Table 3. Risk factors for de Novo HCC after DAA therapy (Cox proportional hazards model).
Variable | Crude HR | 95% CI | P value | Adjusted HR | 95% CI | P value |
|---|---|---|---|---|---|---|
Age ≥ 65 | 2.89 | 1.32–6.38 | 0.01* | 2.83 | 1.25–6.43 | 0.01* |
Male sex | 1.92 | 0.87–4.22 | 0.11 | |||
Pre-Tx AST | 1.01 | 1-1.01 | < 0.01* | 1 | 0.99–1.01 | 0.67 |
Post-Tx AST | 1.02 | 1-1.03 | 0.03* | 1 | 0.99–1.01 | 0.91 |
Pre-Tx ALT | 1 | 1-1.01 | 0.23 | |||
Post-Tx ALT | 1 | 1-1.02 | 0.32 | |||
Pre-Tx albumin | 0.36 | 0.23–0.56 | < 0.01* | 0.88 | 0.35–2.19 | 0.78 |
Post-Tx albumin | 0.21 | 0.1–0.45 | < 0.01* | 1 | 0.35–2.19 | 0.99 |
Pre-Tx platelet | 0.98 | 0.98–0.99 | < 0.01* | 0.99 | 0.98-1 | 0.13 |
Post-Tx platelet | 0.99 | 0.98–0.99 | < 0.01* | 1 | 0.3–3.35 | 0.99 |
Fib-4 ≥ 3.25 | 14.8 | 3.5-62.68 | < 0.01* | 0.8 | 0.1–6.3 | 0.83 |
Cirrhosis | 20 | 5.98–66.54 | < 0.01* | 9.98 | 1.93–51.54 | 0.01* |
Steatosis | 0.09 | 0.12–0.63 | 0.02* | 0.19 | 0.02–1.42 | 0.1 |
Diabetes mellitus | 1.5 | 0.63–3.57 | 0.36 | |||
HBsAg positive | 0.71 | 0.08–4.88 | 0.73 | |||
Pre-Tx AFP > 15 | 1.94 | 0.67–5.66 | 0.22 | |||
Post-Tx AFP > 7 | 6.25 | 2.88–13.6 | < 0.01* | 2.74 | 1.16–6.46 | 0.02* |
*Pre-Tx: pre-treatment; Post-Tx: post-treatment; HR: hazard ratio; CI: confidence interval.
AFP trajectory patterns and HCC risk
The pattens of AFP dynamic change were categorized into four groups: (1) “Normalization (N)” group: pre-treatment AFP level > 7 ng/ml decreasing to post-treatment level < 7 ng/ml; (2) “Persistent elevation (PE)” group: pre- and post-treatment AFP level > 7 ng/ml”; (3) “Stable normal (SN)” group: pre- and post-treatment AFP level < 7 ng/ml”; (4) “Elevation (E)” group: pre-treatment AFP level < 7ng/ml, then increasing to post-treatment AFP level > 7 ng/ml.
During the follow-up period, there was one patient (0.9%) developed de novo HCC in the “N” group, 6 patients (35.3%) in the “PE” group, 13 patients (4%) in the “SN” group, and 6 patients (15.8%) in the “E” group (Fig. 1).
Fig. 1 [Images not available.
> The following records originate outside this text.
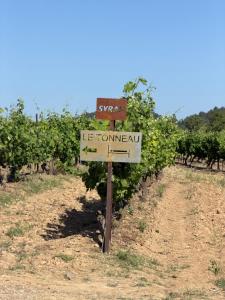 a sign in the middle of a field of grapes at Le Tonneau in Carcassonne +17 photos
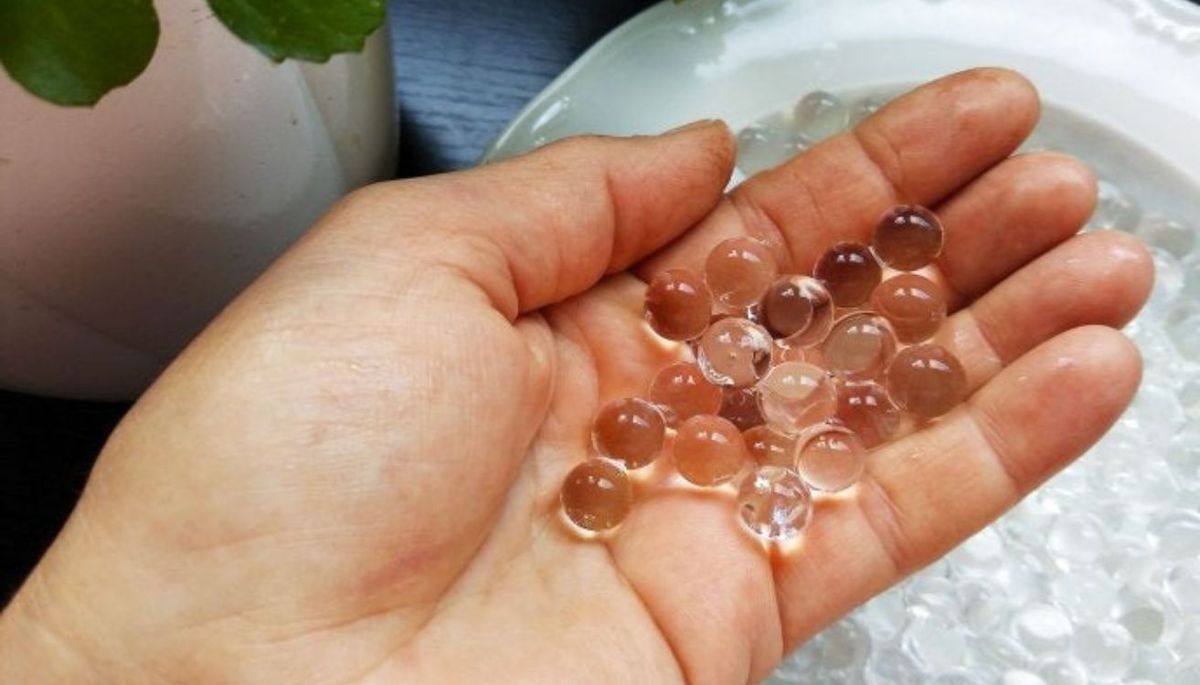 Las perlas de hidrogel son pequeñas esferas que crecen al sumergirlas en agua. Las perlas de hidrogel son pequeñas esferas que crecen al sumergirlas en agua.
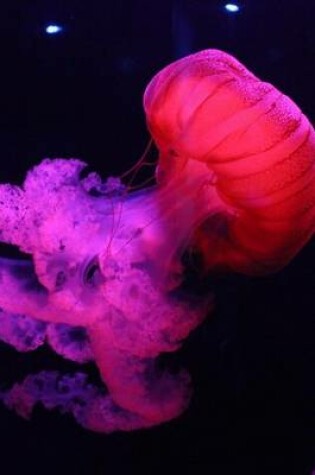 Cover of Beautiful Jellyfish Glowing Red and Purple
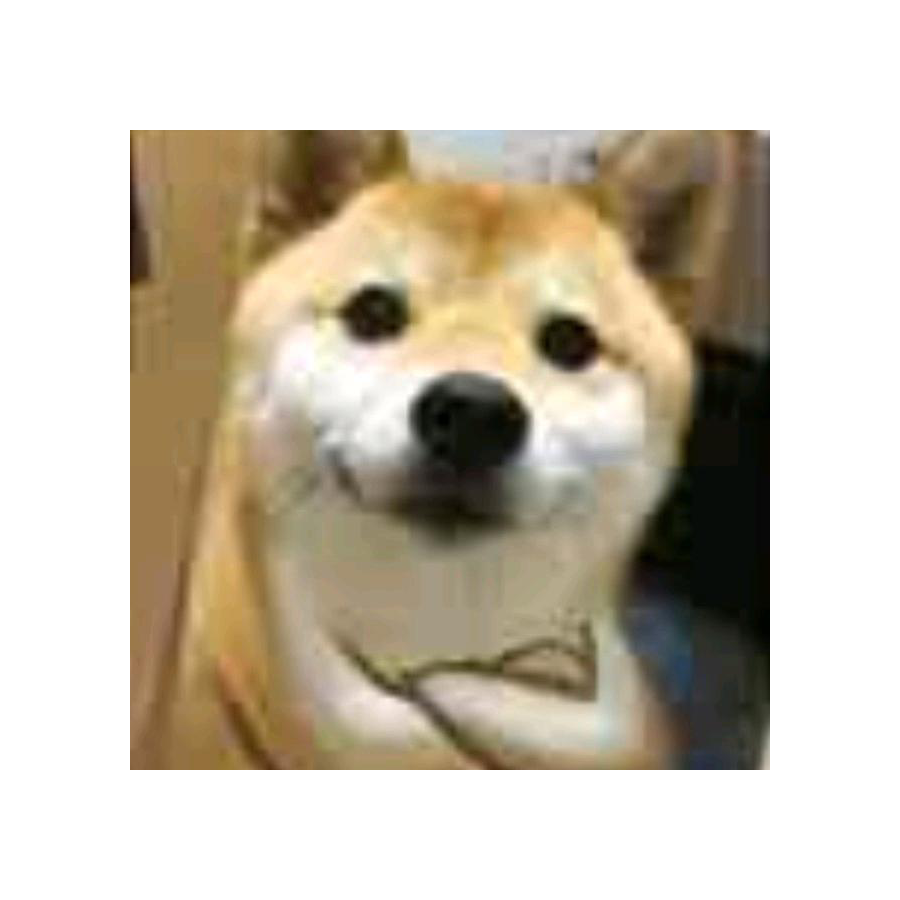 耀杨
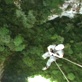 Quest: Expedition Borneo: Daring Descent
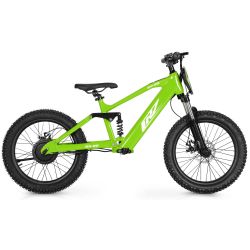 Draisiana elétrica CRZ EX-R 20" 750w 36V 7,8Ah - Verde
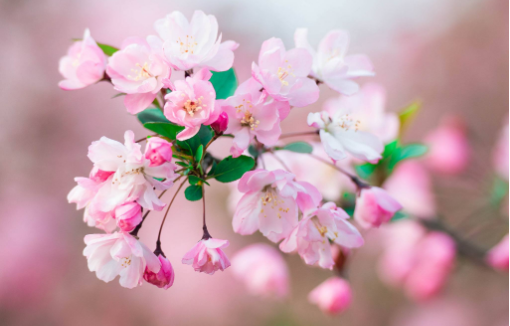 2020武汉东湖樱花怎么观看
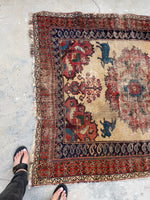 [vintage rugs] - Blue Parakeet Rugs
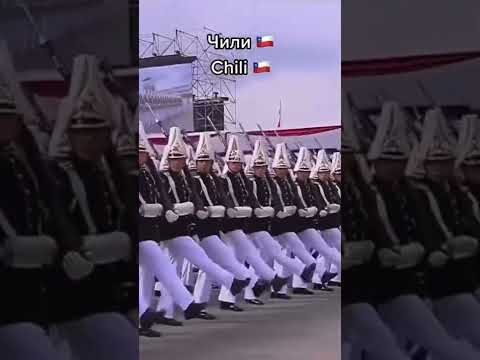 Как маршируют в разных странах #shorts #жириновский #путин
See PDF.]
Patterns of AFP dynamic changes after DAA therapy and the corresponding incidence of HCC.
The risk of de novo HCC development across the four AFP trajectory groups is presented (Table 4). The high HCC risk was observed in the “PE” group, while the low risk was seen in the “N” and “SN” groups. Kaplan–Meier analysis of the patients with pre-treatment AFP levels > 7 ng/ml showed that the development of de novo HCC in the “PE” group was significantly higher than in the “N” group (Fig. 2A). The hazard ratio of HCC development in the “N” group versus the “PE” group was 0.03 (95% C.I.: 0.01–0.3, P < 0.01). For the patients with pretreatment AFP < 7ng/ml, the development of de novo HCC in the “E” group was significantly higher than in the “SN” group (Fig. 2B). The hazard ratio in the “E” group versus the “SN” group was 0.28 (95% C.I.: 0.1–0.73, P = 0.01).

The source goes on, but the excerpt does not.